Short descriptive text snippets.
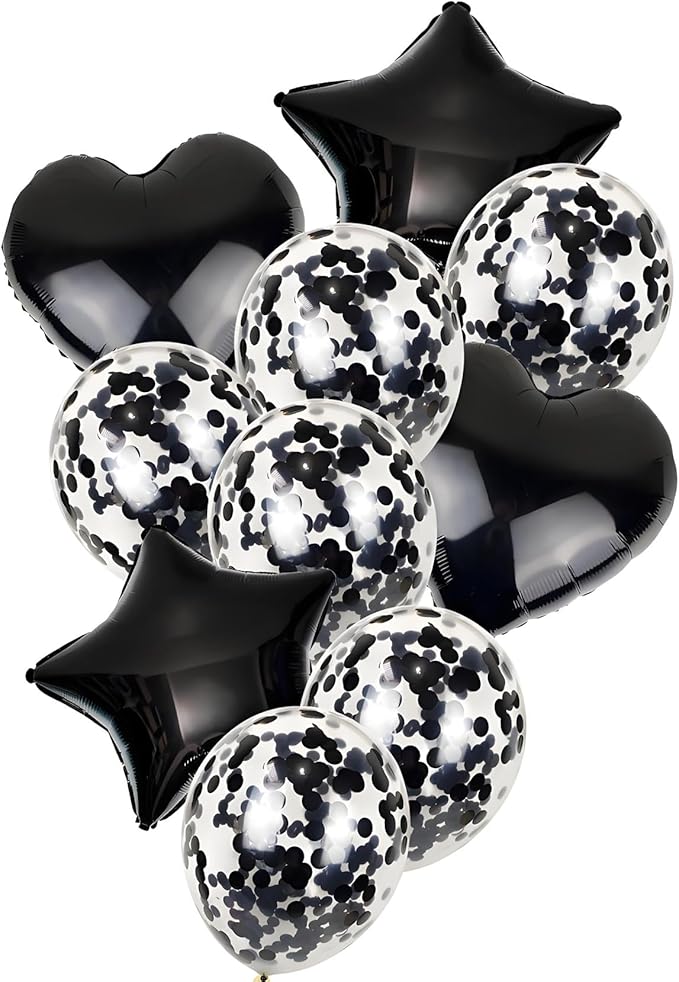 Black Metallic Foil Confetti 8000 Pcs Shiny Round Table Confetti for Fill Balloon Wedding Graduation Party Decorations,60g of pack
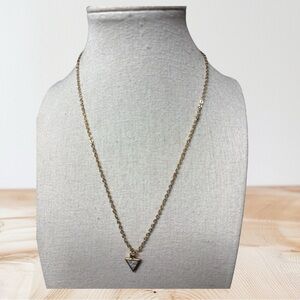 Charming Charlie Gold Triangle Pendant Necklace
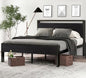 SHA CERLIN 14 Inch Queen Size Metal Platform Bed Frame with Wooden Headboard and Footboard, Mattress Foundation, No Box Spring Needed, Large Under Bed Storage, Non-Slip Without Noise, Black Oak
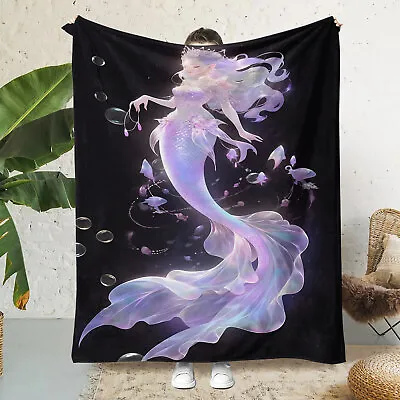 Mermaid Princess 3D Blanket Fuzzy Sherpa Fleece Gift Blanket Sofa Couch Bed • £28.09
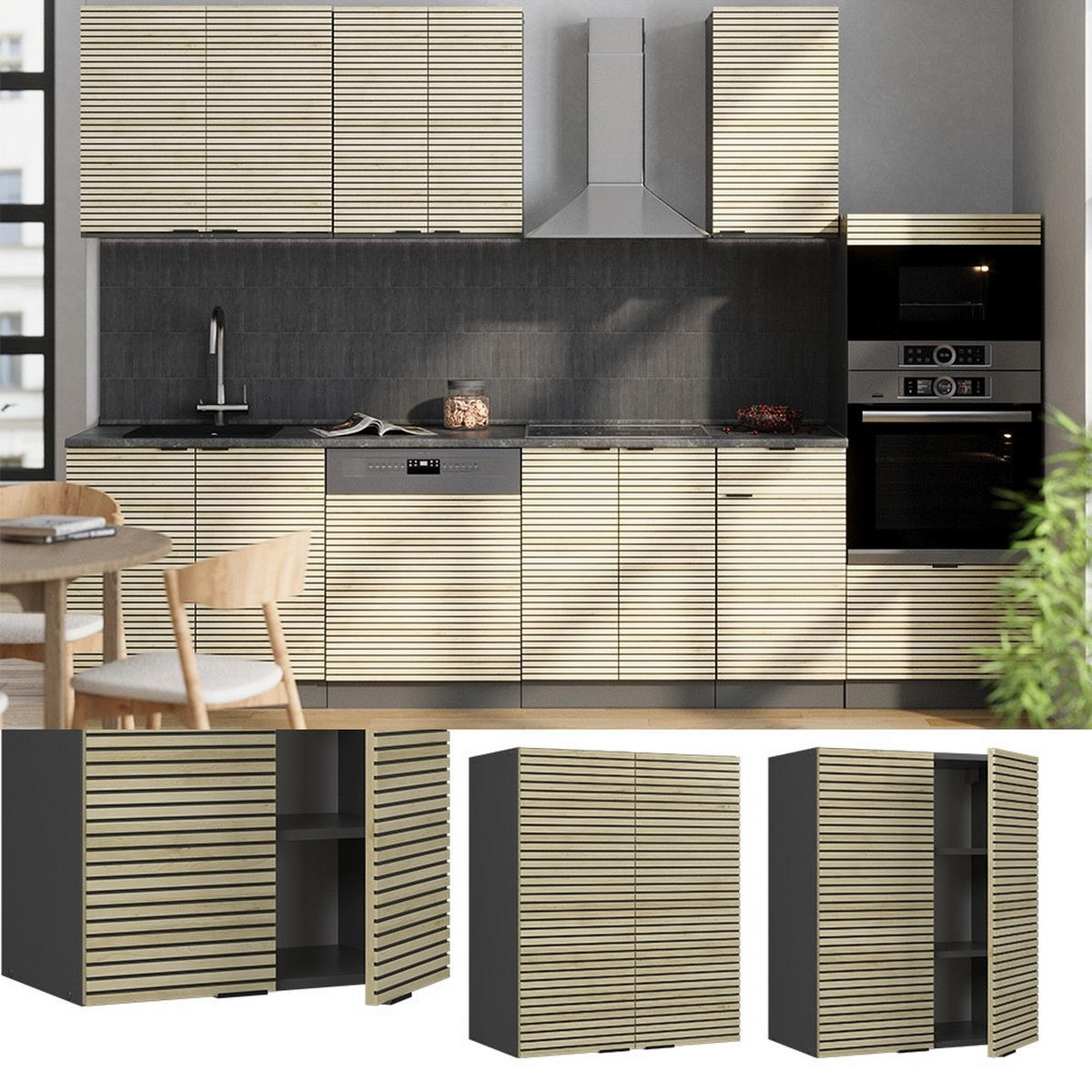 HÄNGESCHRANK Fame-Line Eiche Paneel 60 cm - Eichefarben/Anthrazit, Holzwerkstoff (60/72/34.1cm) - Vicco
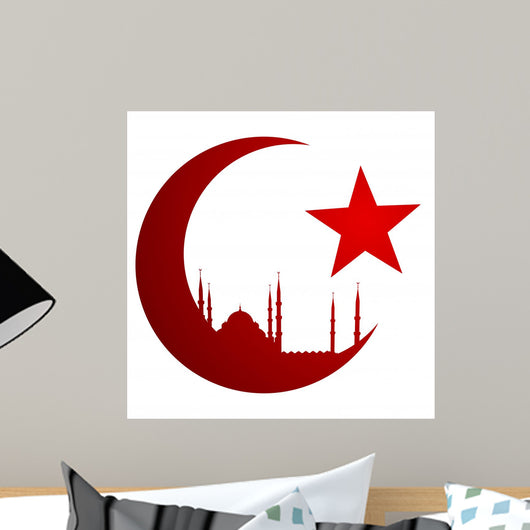 Crescent Moon with Mosque Wall Decal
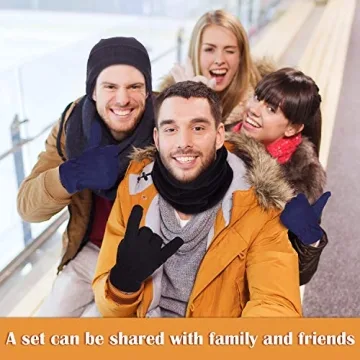 Cozy 9 Piece Winter Hat and Gloves Set for Men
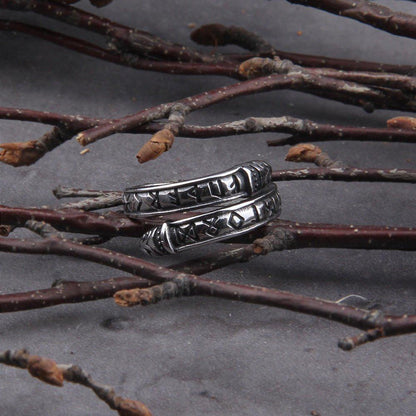 Odins Prayer Midgard Serpent Futhark Rune Viking Ring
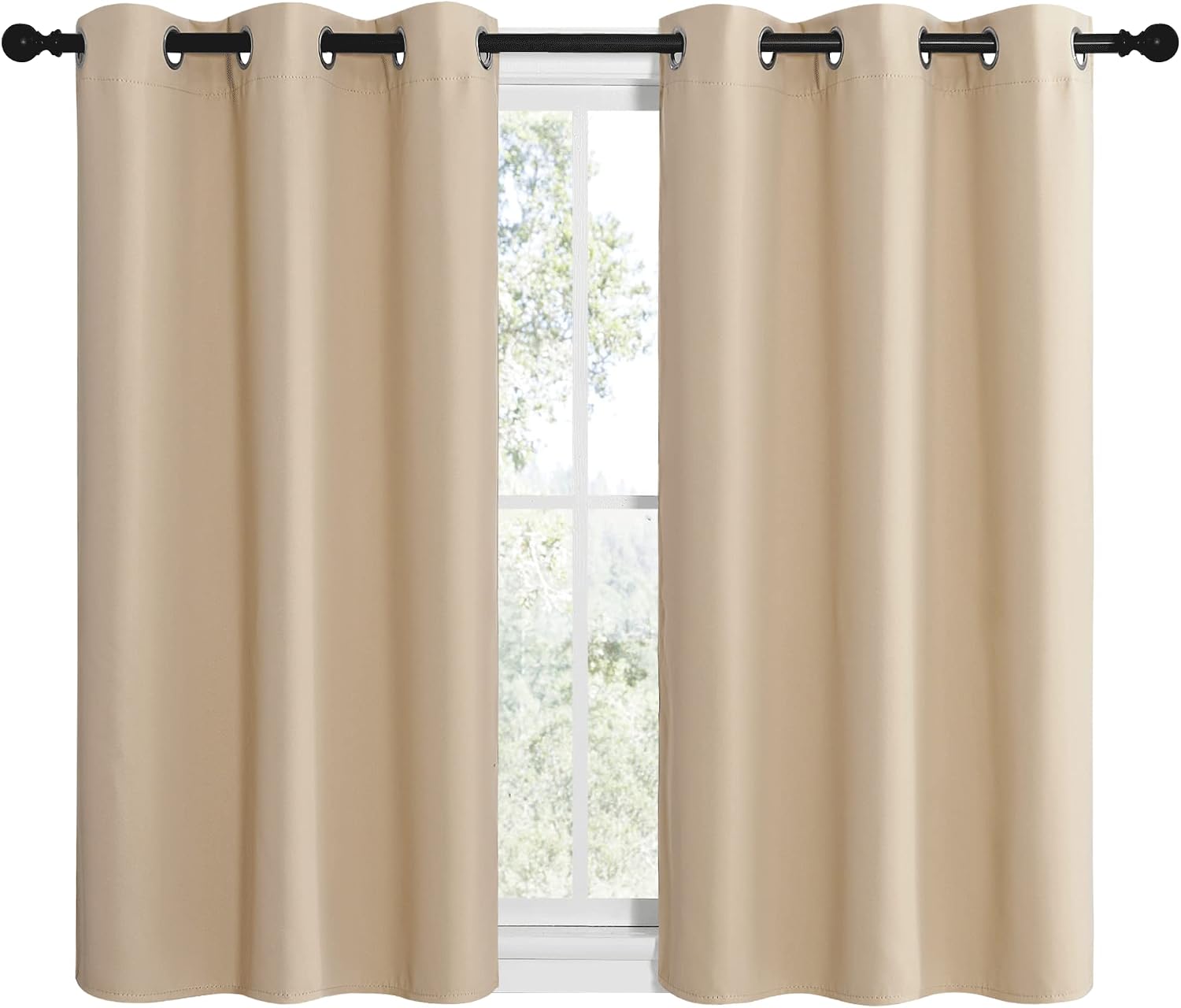 NICETOWN Room Darkening Curtain Panels for Cafe, Thermal Insulated Grommet Room Darkening Draperies/Drapes for Window (Biscotti Beige, 2…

REQUIRED ACTION.
Could you reproduce every record above exactly, leaving out the pictures?

ANSWER BELOW.
 Black Metallic Foil Confetti 8000 Pcs Shiny Round Table Confetti for Fill Balloon Wedding Graduation Party Decorations,60g of pack
 Charming Charlie Gold Triangle Pendant Necklace
 SHA CERLIN 14 Inch Queen Size Metal Platform Bed Frame with Wooden Headboard and Footboard, Mattress Foundation, No Box Spring Needed, Large Under Bed Storage, Non-Slip Without Noise, Black Oak
 Mermaid Princess 3D Blanket Fuzzy Sherpa Fleece Gift Blanket Sofa Couch Bed • £28.09
 HÄNGESCHRANK Fame-Line Eiche Paneel 60 cm - Eichefarben/Anthrazit, Holzwerkstoff (60/72/34.1cm) - Vicco
 Crescent Moon with Mosque Wall Decal
 Cozy 9 Piece Winter Hat and Gloves Set for Men
 Odins Prayer Midgard Serpent Futhark Rune Viking Ring
 NICETOWN Room Darkening Curtain Panels for Cafe, Thermal Insulated Grommet Room Darkening Draperies/Drapes for Window (Biscotti Beige, 2…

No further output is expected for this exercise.